Aim of the exercise: Going through the material below, output exactly the lines from the one containing "gluten free pork" through the one containing "SCENEREAL dog pajamas", and no pictures.
★ ★ ★ ★ ★ ★ ★
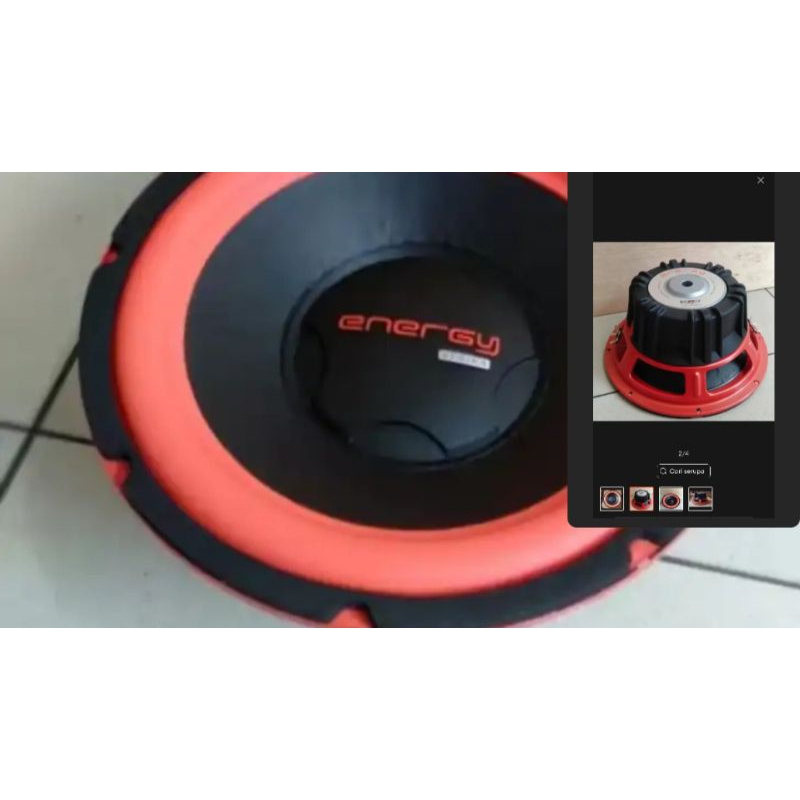 speaker legacy energy 10 inch sub woofer dobel coil BM AUDIO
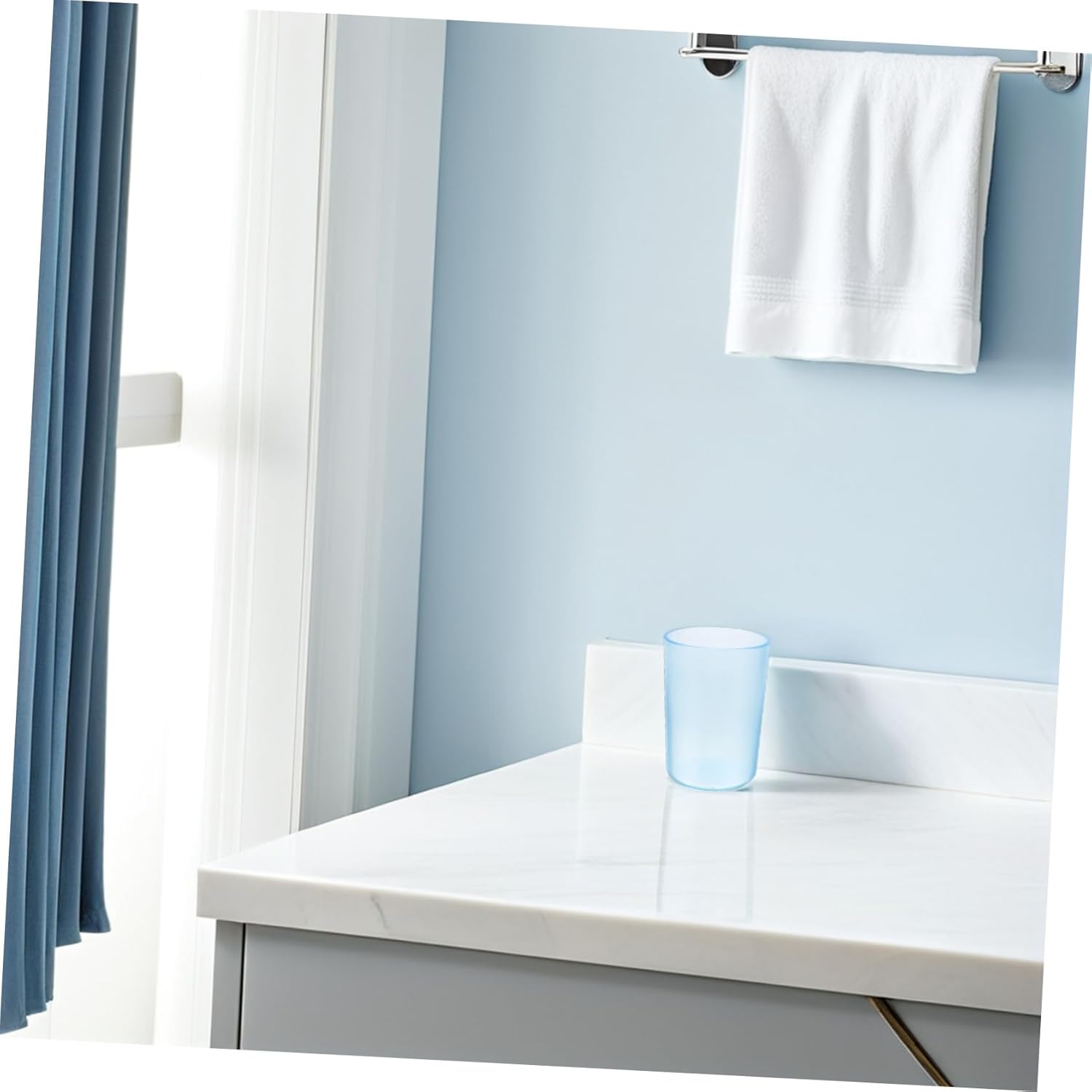 Wakauto Stylish Transparent Toothbrush Gargoyle Mug for Adults Dual Purpose Design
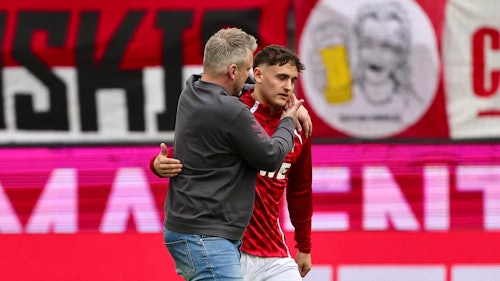 Cenny Neumann im FC-Training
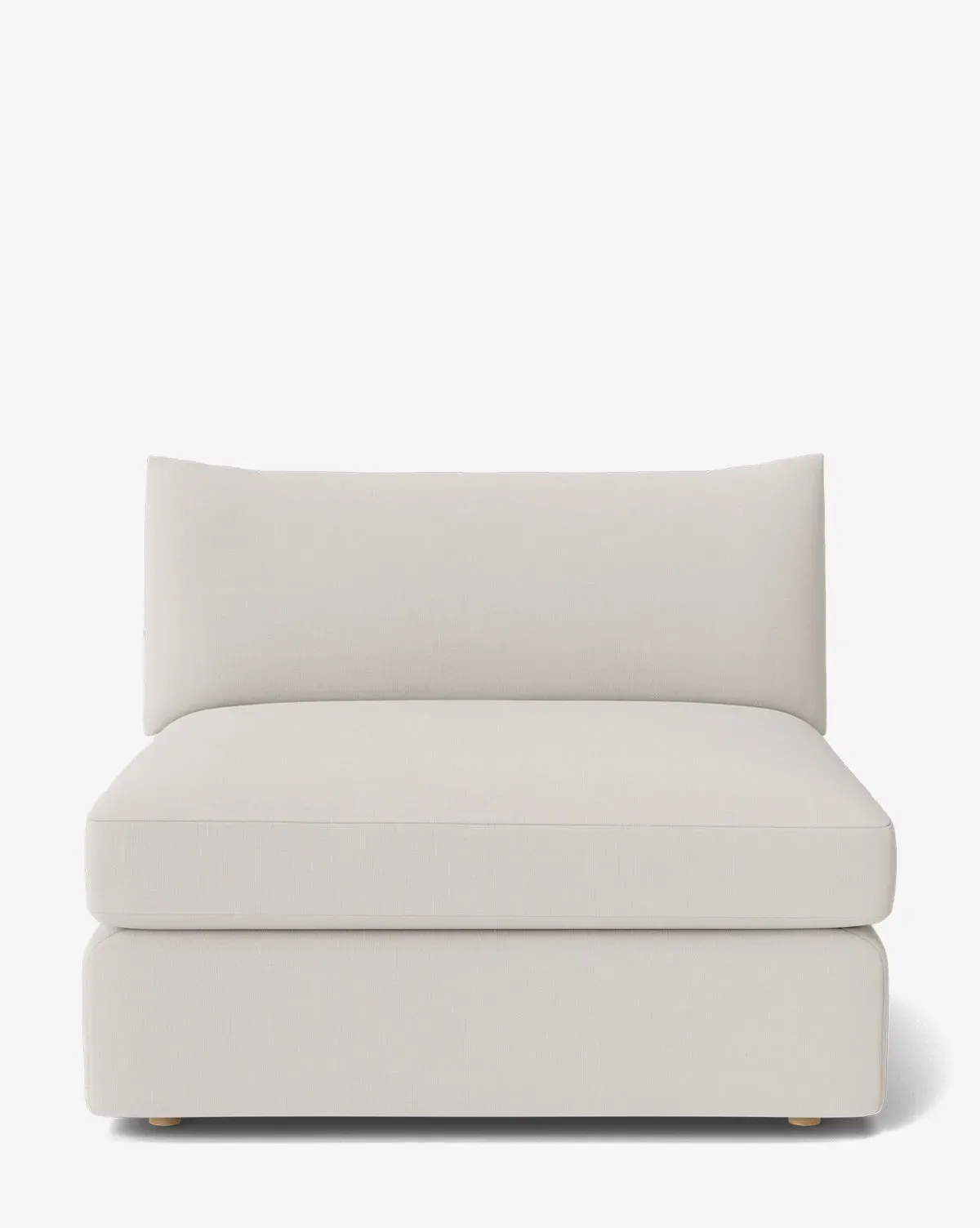 Vivienne Modular Armless Chair - Blanc Crypton product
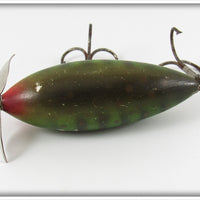 Paw Paw Green With Gold Dots Large Casting Minnow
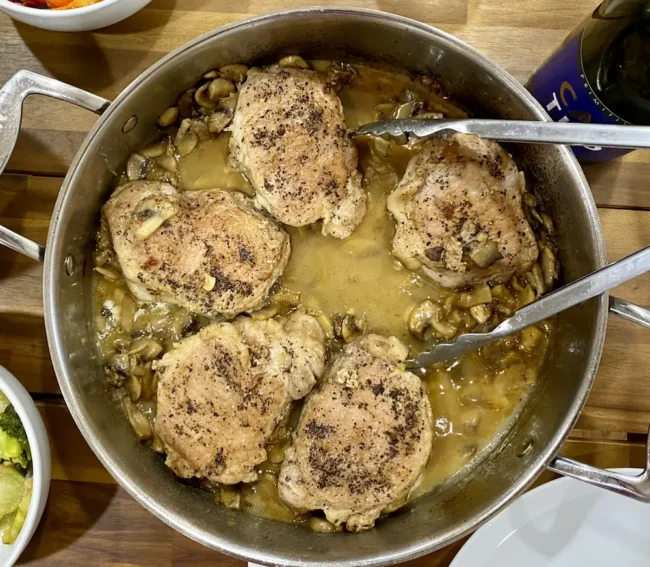 gluten free pork chop-freshly made juicy pork chop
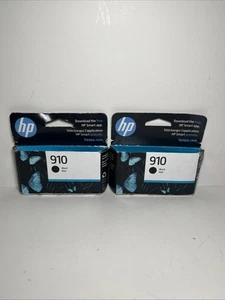 HP 910 schwarze Tintenpatrone Doppelpack 3JB40AN 2 x 3yl61an Ablaufdatum 2026 Original-Zubehör-Hersteller Einzelhandelsverpackung - Bild 1 von 4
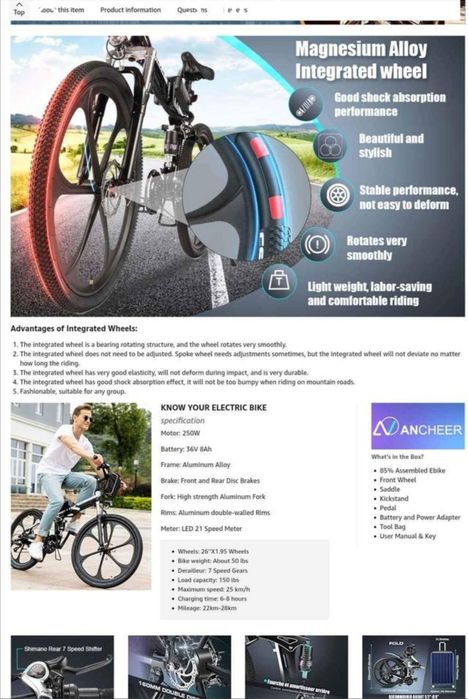 Bicicleta electrica full suspension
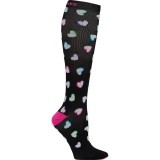 Print Support Neon Hearts Chaussettes de Compression Moyen Gradué pour Femmes par Cherokee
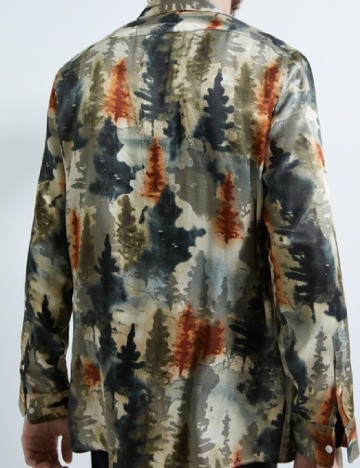 Camasa Zara, mix culori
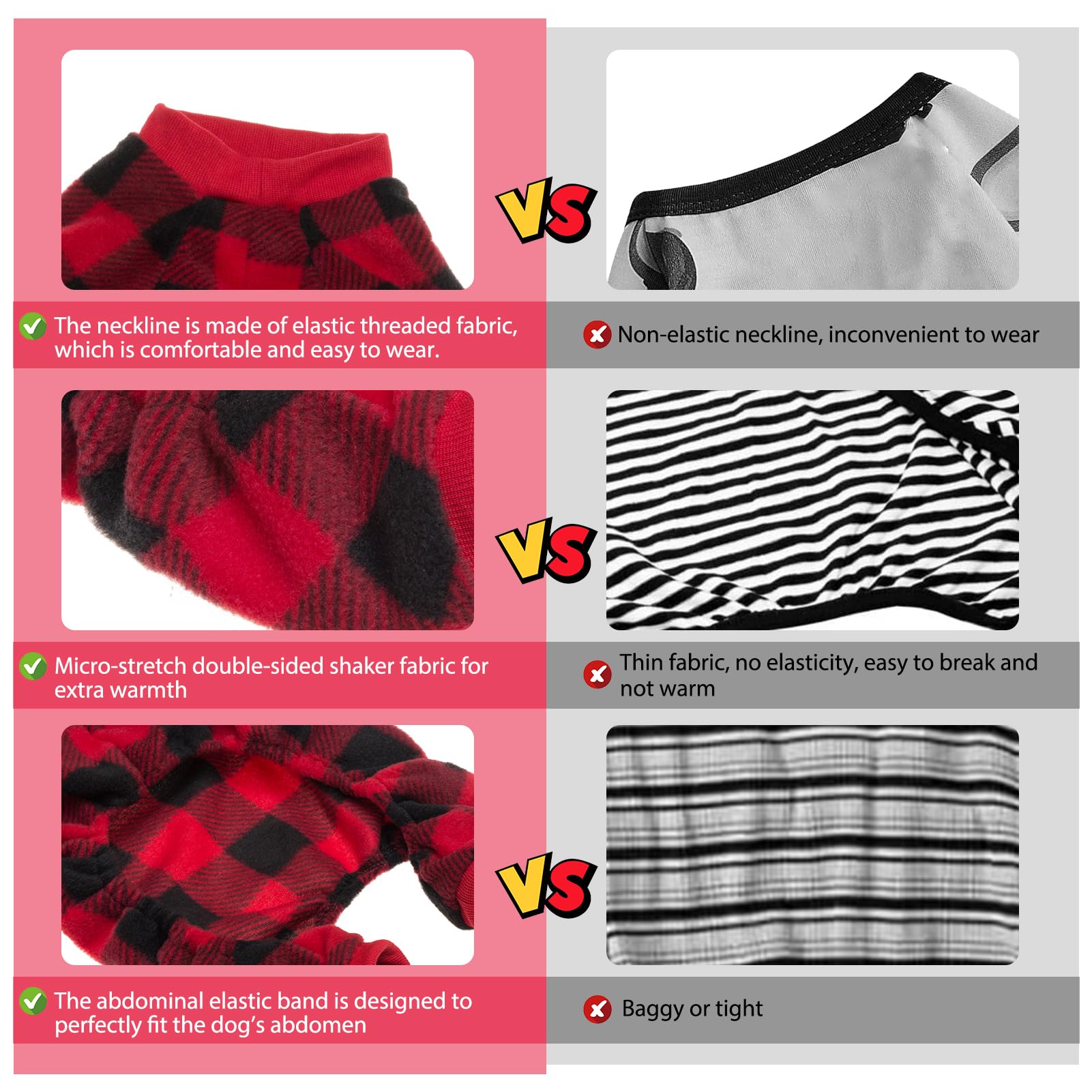 SCENEREAL dog pajamas ribbed cuffs trap warmth without restricting movement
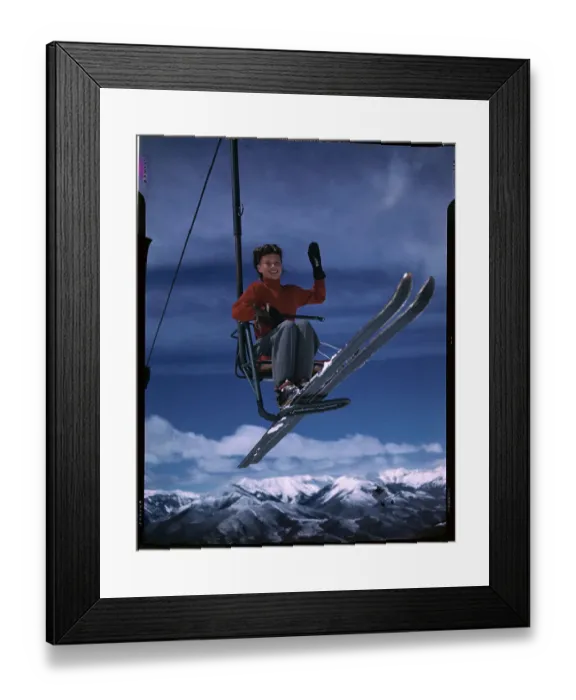 Framed Print : Suzy Harris Riding Ski Lift Framed Print : Suzy Harris Riding Ski Lift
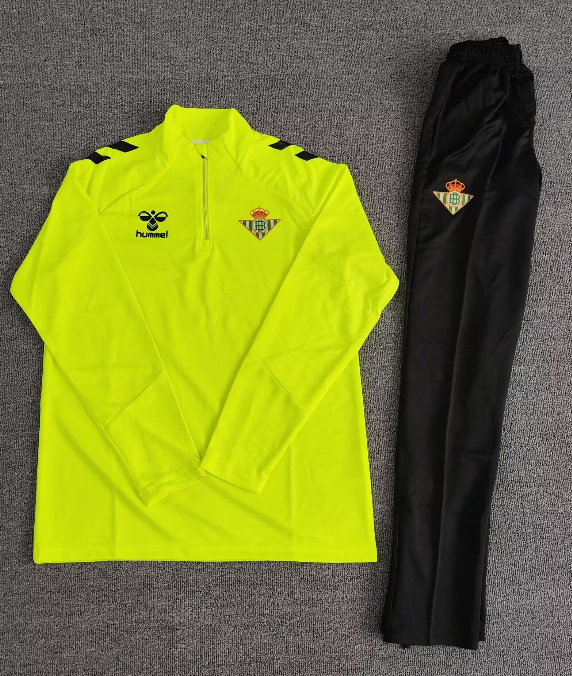 Chandail Officiel Real Betis 1992-93 – Taille XL – Pour Staff Technique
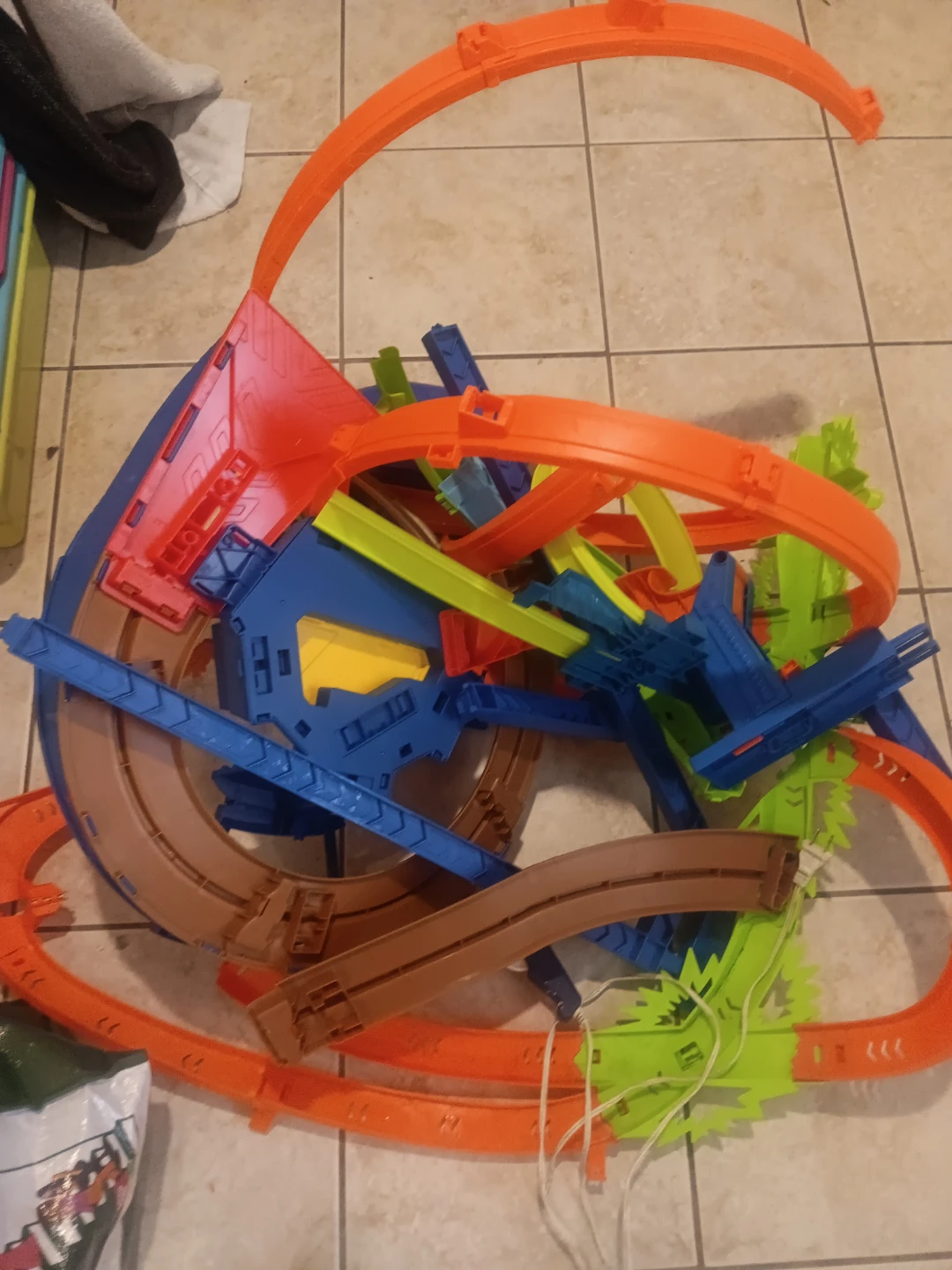 Hot Wheels Track Builder lot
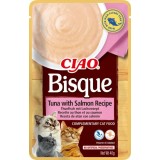 Ciao Churu Inaba Bisque pentru Pisici cu Ton si Somon, 40 g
★ ★ ★ ★ ★ ★ ★
Answer box:
 gluten free pork chop-freshly made juicy pork chop
 HP 910 schwarze Tintenpatrone Doppelpack 3JB40AN 2 x 3yl61an Ablaufdatum 2026 Original-Zubehör-Hersteller Einzelhandelsverpackung - Bild 1 von 4
 Bicicleta electrica full suspension
 Print Support Neon Hearts Chaussettes de Compression Moyen Gradué pour Femmes par Cherokee
 Camasa Zara, mix culori
 SCENEREAL dog pajamas ribbed cuffs trap warmth without restricting movement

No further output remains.